There wasn’t so much an elephant in the room as the justice committee grilled the new legal complaints supremo yesterday. Indeed, there was hardly anyone there at all.

It was difficult to avoid the sense that this effective job interview – in which MPs have the chance to quiz the prospective chair of the Office for Legal Complaints before any official appointment – was not foremost on people’s minds.

The candidate, former Legal Services Consumer Panel chair Elisabeth Davies, probably wanted to be anywhere but Westminster. Judging by the empty public gallery and half-empty seats of committee members, she wasn’t the only one.

Still, those in the room – sitting a healthy distance from each other – ploughed on nonetheless, asking questions of Davies about her background, media experience and thoughts on the Legal Ombudsman.

Largely these were handled adeptly. Obiter particularly liked Davies’ answer when asked for a time she had stood up to those in power. She cited the consumer panel’s stance on legal aid cuts, which was her acting beyond her remit for what she believed in.
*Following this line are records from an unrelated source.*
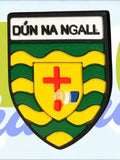 Dún na ngall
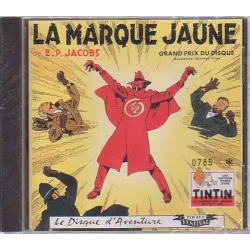 1-blake-et-mortimer-cd-la-marque-jaune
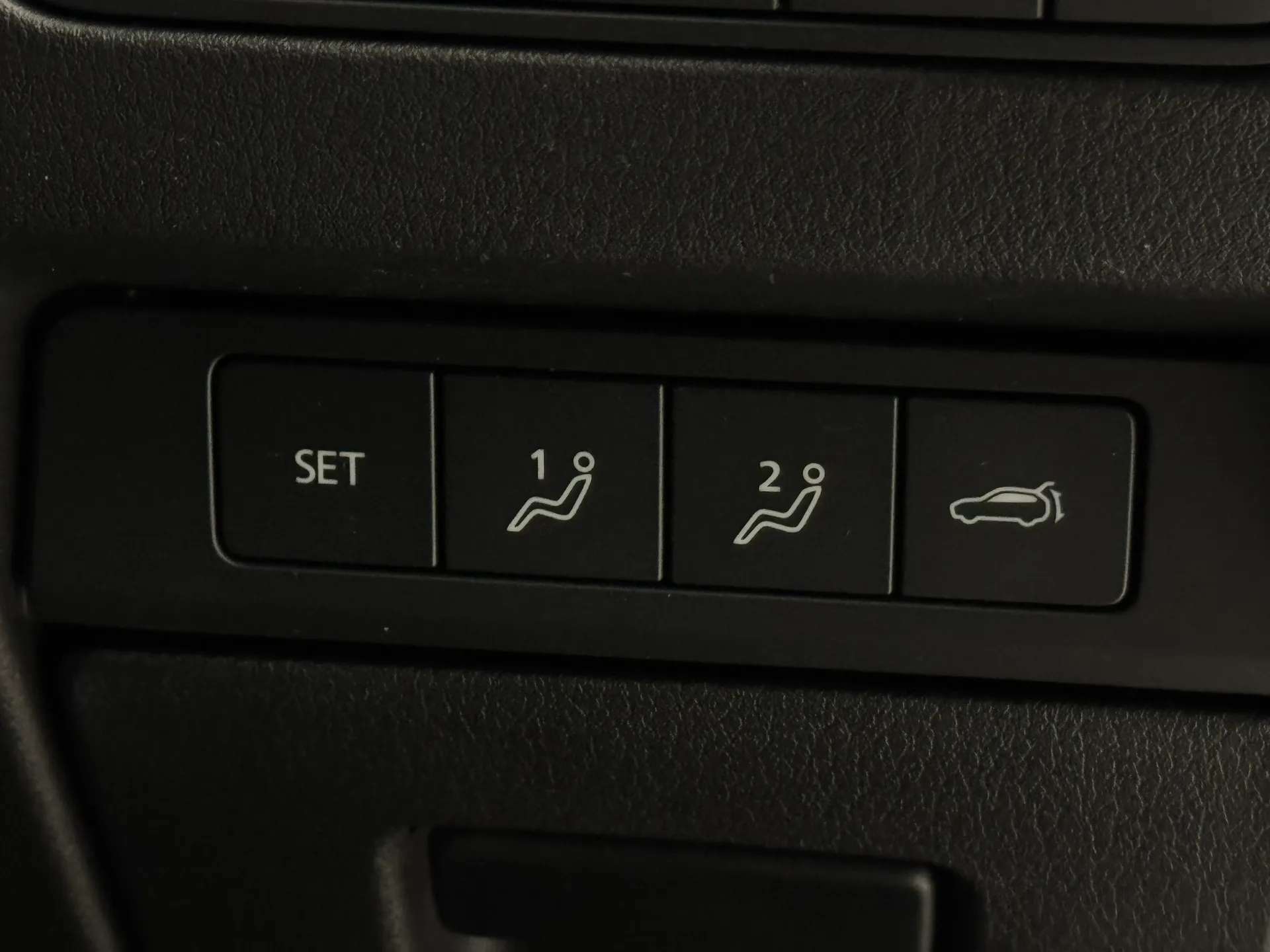 2025 MAZDA CX-60 2025 MAZDA CX-60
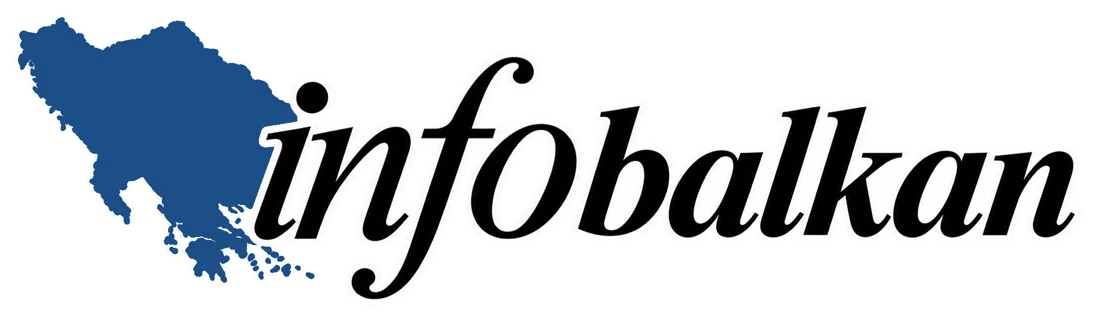 infobalkan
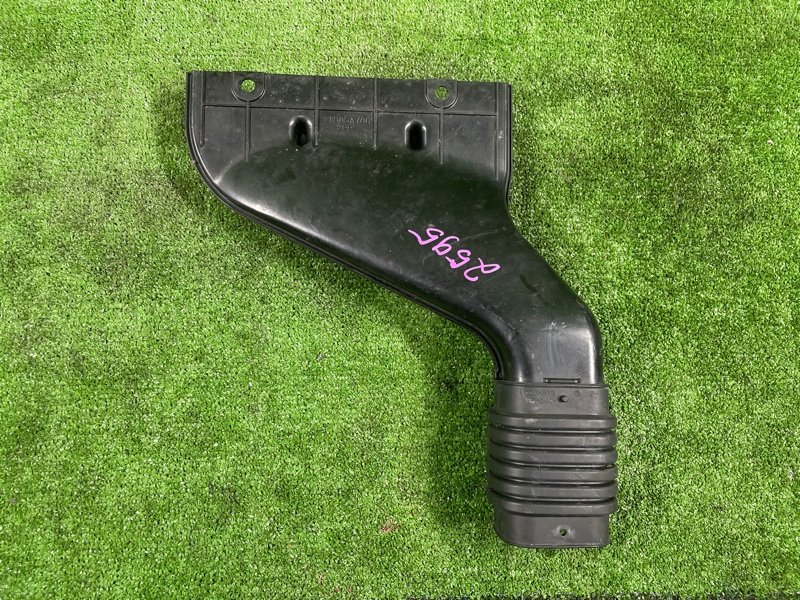 Патрубок, 3000 рублей, Фроловское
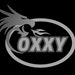 OXXY Fan Art y Vintage Coleccionables
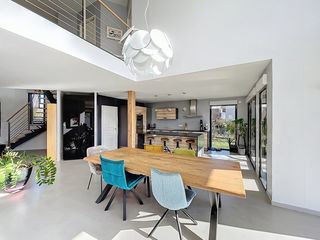  Maison � vendre 6 pi�ces 163 m�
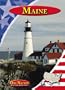 Maine (One Nation (Capstone))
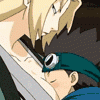 295-87.gif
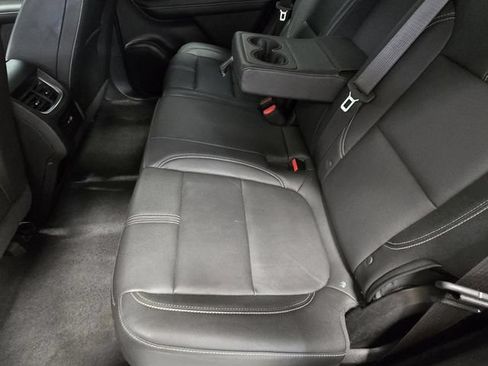 Used 2024 Chevrolet Blazer LT AWD/4WD image 25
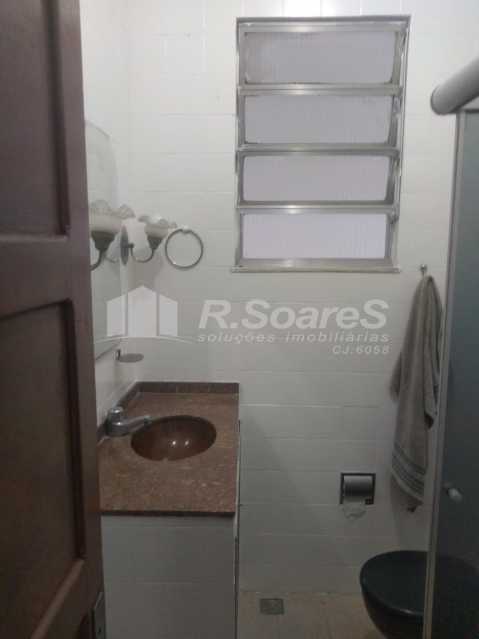 560d6ea5-89f6-4039-9076-6f1118 - 11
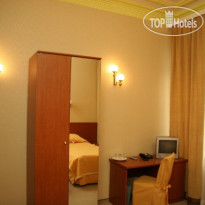 Guest House in Marata street
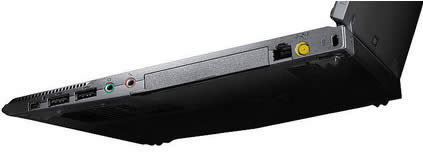 �Pӛ�����(q��)��������|,����Pӛ����δ��_���(q��)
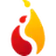 Logo of Flame It Up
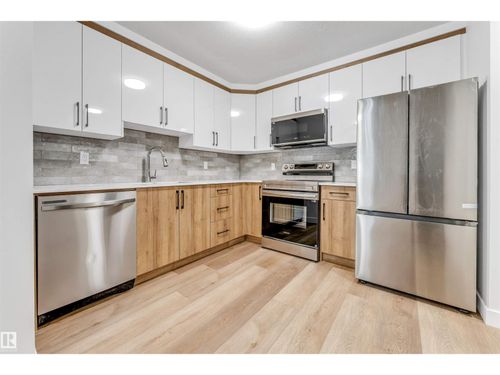 107-9760 176 St Nw, Edmonton, AB, T5T5Z5 | Card Image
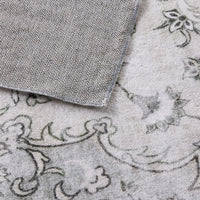 Bodrum Washable Rug 150x240cm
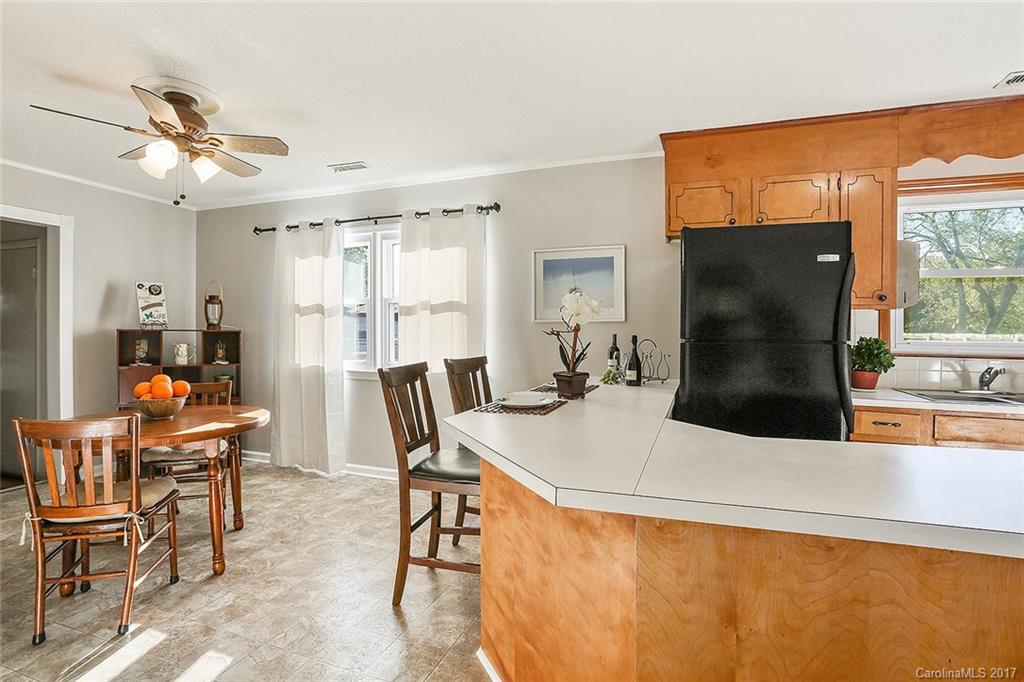 1507 Caleb Road Shelby, NC 28152 - Photo 6 of 15 Gallery Image 6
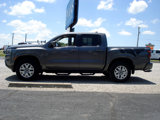Used 2023 Nissan Frontier SV w/ Technology Package image 5
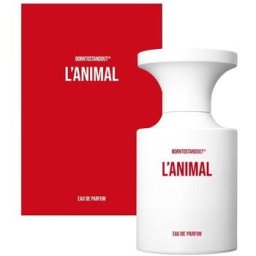 L´Animal EDP
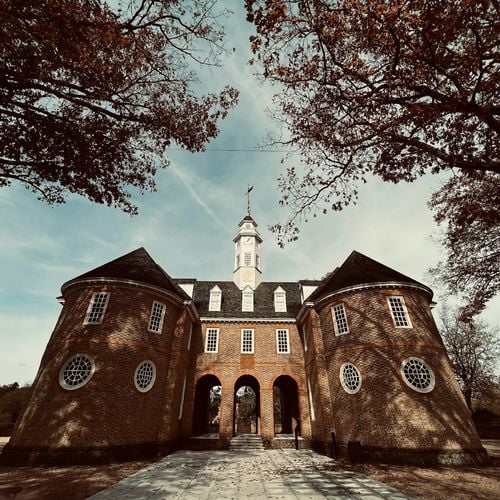 Judgment Liens and Lis Pendens on a Virginia Home Sale: What Each Does, How Long a Lien Lasts and How It Is Cleared at Closing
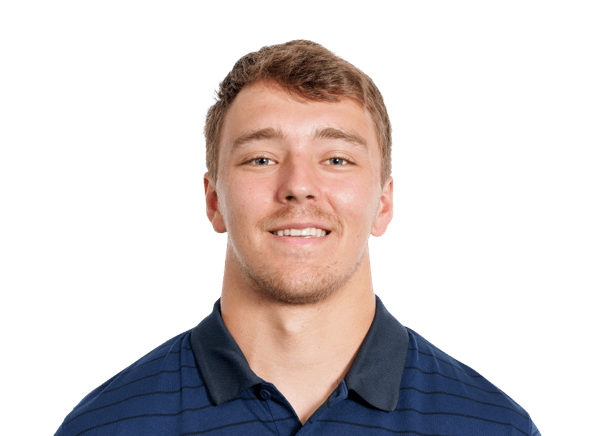 Coleman Granberry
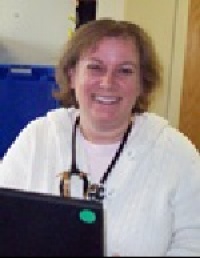Dr. Sarah Bechta M.D., Pediatrician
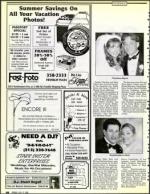 image of July 17, 1992 - number 88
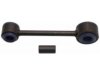 Airtex K700507 Stabilizer Bar Link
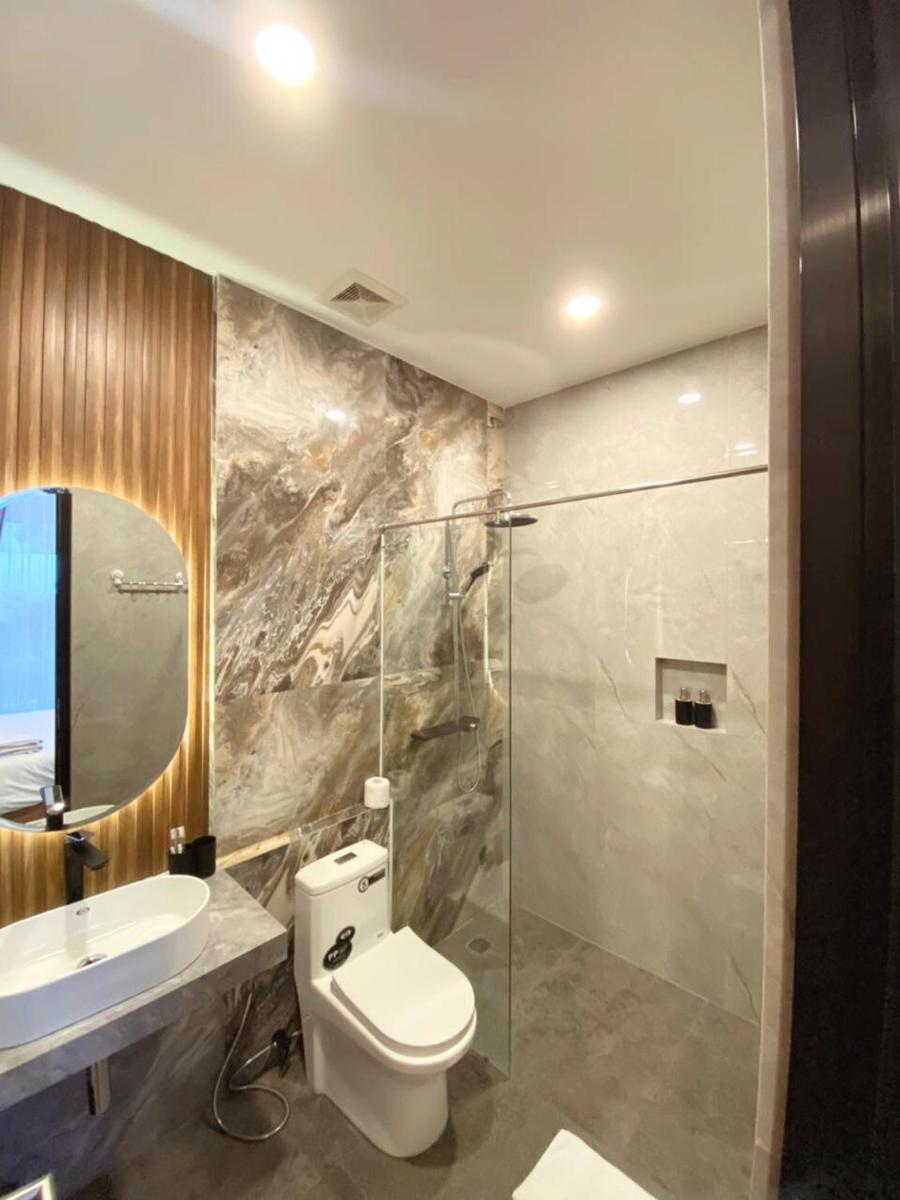 Sinaga House Lombok - Housity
MPs kindly declined to point out the panel’s intervention made zero difference to government policy.

Elisabeth Davies

Describing her many existing roles, Davies insisted she was ‘not an overboarder’

If anything, Davies was a little too measured, to the point where her answers started to veer dangerously towards management speak.

Describing her many existing roles, she insisted she was ‘not an overboarder’ – such an unusual phrase that committee members stopped checking their phones for coronavirus updates to ask if she’d meant to say it.

For a consumer champion who had often spoken out against legal jargon, there was a danger this slipped into similar nonsensical expressions. Asked for her assessment of her new organisation, she responded: ‘My sense is the Legal Ombudsman is seen as an organisation that is a mid-improvement journey.’

This was too much for the MPs who hadn’t dragged themselves into parliament to have their time wasted. Conservative Rob Butler stepped in: ‘I do wonder whether a member of the public would come up with the expression a "mid-improvement journey". They will either think it’s good or it’s bad.’

Chair Bob Neill, spotting the danger this session might actually get interesting enough to last more than 45 minutes, intervened.

‘How do we get around the fact there is a tendency for all of us to talk in Quango-ese, which you are conscious perhaps of falling into?’ he asked tactfully.

Davies spotted the warning signs and snapped out of her business speak: ‘I spend a lot of time working with service users and I just would like to reassure you I would never ever use the phrase mid-improvement journey with a service user. I can say that categorically.’

Reassuring words, for sure. And enough for MPs to justify closing the meeting and switching focus from the appointment of the Office for Legal Complaints chair to dealing with a worldwide pandemic threatening to turn society as we know it upside down.